RECORDS FOR THIS TASK:
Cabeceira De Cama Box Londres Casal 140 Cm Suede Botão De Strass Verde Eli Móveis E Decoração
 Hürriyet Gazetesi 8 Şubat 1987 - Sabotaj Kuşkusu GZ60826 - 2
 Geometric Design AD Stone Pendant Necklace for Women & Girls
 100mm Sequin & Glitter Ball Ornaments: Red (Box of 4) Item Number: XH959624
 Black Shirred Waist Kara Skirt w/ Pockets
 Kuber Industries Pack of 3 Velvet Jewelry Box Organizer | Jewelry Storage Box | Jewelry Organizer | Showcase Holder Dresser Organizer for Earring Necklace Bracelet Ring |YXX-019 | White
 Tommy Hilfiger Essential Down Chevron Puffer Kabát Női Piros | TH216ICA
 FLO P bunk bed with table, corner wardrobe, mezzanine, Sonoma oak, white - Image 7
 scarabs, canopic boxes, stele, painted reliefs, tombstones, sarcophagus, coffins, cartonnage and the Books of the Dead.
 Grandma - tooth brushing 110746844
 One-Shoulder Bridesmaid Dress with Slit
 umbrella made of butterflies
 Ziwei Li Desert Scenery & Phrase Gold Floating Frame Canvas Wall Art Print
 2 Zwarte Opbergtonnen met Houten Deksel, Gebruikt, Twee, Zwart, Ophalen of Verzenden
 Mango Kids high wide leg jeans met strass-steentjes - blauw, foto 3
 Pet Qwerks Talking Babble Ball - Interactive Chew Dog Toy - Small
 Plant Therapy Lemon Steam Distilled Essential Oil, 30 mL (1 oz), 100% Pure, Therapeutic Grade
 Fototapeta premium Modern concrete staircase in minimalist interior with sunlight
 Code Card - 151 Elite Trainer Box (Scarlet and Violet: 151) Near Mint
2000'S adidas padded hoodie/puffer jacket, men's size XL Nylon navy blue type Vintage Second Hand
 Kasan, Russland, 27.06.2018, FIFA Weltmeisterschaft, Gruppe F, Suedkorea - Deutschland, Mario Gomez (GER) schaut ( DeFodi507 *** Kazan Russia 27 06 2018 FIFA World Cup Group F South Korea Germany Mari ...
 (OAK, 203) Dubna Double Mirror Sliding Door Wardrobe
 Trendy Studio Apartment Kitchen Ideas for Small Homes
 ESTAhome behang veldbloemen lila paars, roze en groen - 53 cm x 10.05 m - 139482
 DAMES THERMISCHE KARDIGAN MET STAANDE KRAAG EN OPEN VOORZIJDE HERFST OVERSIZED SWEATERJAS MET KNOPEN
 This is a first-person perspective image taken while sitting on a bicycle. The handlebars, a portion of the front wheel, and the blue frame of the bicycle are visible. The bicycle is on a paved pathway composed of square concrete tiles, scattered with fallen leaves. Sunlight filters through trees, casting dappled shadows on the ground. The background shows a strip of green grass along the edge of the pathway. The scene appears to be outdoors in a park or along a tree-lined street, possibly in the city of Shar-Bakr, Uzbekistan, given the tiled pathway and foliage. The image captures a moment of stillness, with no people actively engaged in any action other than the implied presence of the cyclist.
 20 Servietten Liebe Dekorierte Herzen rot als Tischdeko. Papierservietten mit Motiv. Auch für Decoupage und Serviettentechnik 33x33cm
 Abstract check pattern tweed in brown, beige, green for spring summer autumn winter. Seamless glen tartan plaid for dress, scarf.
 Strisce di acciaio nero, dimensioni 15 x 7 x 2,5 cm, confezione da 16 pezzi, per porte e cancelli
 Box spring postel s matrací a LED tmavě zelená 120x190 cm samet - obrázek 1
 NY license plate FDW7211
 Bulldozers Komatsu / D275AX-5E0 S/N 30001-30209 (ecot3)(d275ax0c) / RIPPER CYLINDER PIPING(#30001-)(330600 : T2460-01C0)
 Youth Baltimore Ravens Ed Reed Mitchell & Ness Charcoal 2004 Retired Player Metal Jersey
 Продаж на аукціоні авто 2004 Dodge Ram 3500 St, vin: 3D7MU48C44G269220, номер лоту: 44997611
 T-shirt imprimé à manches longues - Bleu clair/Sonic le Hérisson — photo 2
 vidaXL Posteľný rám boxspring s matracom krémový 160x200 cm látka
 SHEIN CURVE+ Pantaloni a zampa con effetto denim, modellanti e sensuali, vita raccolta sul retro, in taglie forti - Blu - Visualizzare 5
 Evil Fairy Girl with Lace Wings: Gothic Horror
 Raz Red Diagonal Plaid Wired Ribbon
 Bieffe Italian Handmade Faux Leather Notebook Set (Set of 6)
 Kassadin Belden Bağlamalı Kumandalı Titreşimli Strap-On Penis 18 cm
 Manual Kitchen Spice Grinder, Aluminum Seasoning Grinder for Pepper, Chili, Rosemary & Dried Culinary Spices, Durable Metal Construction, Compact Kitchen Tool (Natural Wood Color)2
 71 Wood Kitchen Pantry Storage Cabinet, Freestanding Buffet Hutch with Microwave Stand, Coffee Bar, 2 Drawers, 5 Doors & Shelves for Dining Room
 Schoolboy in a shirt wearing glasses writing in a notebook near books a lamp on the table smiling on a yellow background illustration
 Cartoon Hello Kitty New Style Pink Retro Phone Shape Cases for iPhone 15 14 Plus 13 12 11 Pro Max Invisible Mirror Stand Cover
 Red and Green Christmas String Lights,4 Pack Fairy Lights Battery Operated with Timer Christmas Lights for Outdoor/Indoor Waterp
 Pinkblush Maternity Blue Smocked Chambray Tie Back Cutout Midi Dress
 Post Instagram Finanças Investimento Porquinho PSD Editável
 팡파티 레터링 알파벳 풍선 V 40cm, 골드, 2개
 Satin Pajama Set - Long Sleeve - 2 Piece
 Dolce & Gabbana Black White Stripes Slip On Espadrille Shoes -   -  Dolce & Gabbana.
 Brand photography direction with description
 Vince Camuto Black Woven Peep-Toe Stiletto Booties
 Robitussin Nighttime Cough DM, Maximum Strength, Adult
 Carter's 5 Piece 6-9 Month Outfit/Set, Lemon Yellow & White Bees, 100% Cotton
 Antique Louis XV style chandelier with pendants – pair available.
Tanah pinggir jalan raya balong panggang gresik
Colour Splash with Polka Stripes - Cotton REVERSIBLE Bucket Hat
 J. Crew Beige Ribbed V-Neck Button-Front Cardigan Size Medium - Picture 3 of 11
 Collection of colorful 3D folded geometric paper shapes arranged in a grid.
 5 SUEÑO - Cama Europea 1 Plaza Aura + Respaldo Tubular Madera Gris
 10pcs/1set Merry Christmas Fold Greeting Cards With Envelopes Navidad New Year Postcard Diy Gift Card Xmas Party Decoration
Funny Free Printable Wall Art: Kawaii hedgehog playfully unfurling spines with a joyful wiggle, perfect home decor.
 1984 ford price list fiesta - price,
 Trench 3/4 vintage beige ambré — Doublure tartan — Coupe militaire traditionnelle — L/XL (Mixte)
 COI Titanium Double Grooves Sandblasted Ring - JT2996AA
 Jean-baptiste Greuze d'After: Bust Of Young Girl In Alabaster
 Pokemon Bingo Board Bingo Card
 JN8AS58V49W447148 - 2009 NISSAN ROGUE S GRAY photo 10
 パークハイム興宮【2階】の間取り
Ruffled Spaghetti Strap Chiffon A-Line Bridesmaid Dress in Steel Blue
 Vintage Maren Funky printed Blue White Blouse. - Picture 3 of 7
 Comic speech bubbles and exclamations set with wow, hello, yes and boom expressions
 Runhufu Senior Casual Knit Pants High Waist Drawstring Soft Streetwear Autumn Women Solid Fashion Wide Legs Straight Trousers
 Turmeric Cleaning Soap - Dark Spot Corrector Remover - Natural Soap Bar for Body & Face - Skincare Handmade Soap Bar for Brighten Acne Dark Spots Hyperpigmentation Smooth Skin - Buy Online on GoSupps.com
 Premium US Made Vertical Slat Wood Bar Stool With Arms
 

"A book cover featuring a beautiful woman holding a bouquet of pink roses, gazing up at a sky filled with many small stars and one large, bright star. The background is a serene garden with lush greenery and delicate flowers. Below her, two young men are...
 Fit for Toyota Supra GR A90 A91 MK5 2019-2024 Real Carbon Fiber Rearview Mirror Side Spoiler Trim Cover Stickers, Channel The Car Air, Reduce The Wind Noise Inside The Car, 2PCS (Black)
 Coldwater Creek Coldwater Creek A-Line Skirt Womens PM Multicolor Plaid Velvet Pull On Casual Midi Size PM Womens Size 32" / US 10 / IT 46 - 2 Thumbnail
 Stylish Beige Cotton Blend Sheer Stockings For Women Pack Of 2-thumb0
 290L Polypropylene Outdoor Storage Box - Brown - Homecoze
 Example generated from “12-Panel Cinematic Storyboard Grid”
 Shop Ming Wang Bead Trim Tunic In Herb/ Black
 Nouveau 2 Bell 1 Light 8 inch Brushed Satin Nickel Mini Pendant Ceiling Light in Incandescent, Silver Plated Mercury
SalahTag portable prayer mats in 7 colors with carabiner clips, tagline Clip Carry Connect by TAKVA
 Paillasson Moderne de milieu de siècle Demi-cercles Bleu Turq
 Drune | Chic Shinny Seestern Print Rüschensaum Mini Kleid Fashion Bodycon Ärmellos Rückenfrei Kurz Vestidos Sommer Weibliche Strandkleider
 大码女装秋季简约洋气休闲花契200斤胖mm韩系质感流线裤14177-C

TASK INSTRUCTIONS: Give again, word for word, the lines of the listing, starting at its first line and ending with the line containing "FLO P bunk bed".

EXERCISE ANSWER:
Cabeceira De Cama Box Londres Casal 140 Cm Suede Botão De Strass Verde Eli Móveis E Decoração
 Hürriyet Gazetesi 8 Şubat 1987 - Sabotaj Kuşkusu GZ60826 - 2
 Geometric Design AD Stone Pendant Necklace for Women & Girls
 100mm Sequin & Glitter Ball Ornaments: Red (Box of 4) Item Number: XH959624
 Black Shirred Waist Kara Skirt w/ Pockets
 Kuber Industries Pack of 3 Velvet Jewelry Box Organizer | Jewelry Storage Box | Jewelry Organizer | Showcase Holder Dresser Organizer for Earring Necklace Bracelet Ring |YXX-019 | White
 Tommy Hilfiger Essential Down Chevron Puffer Kabát Női Piros | TH216ICA
 FLO P bunk bed with table, corner wardrobe, mezzanine, Sonoma oak, white - Image 7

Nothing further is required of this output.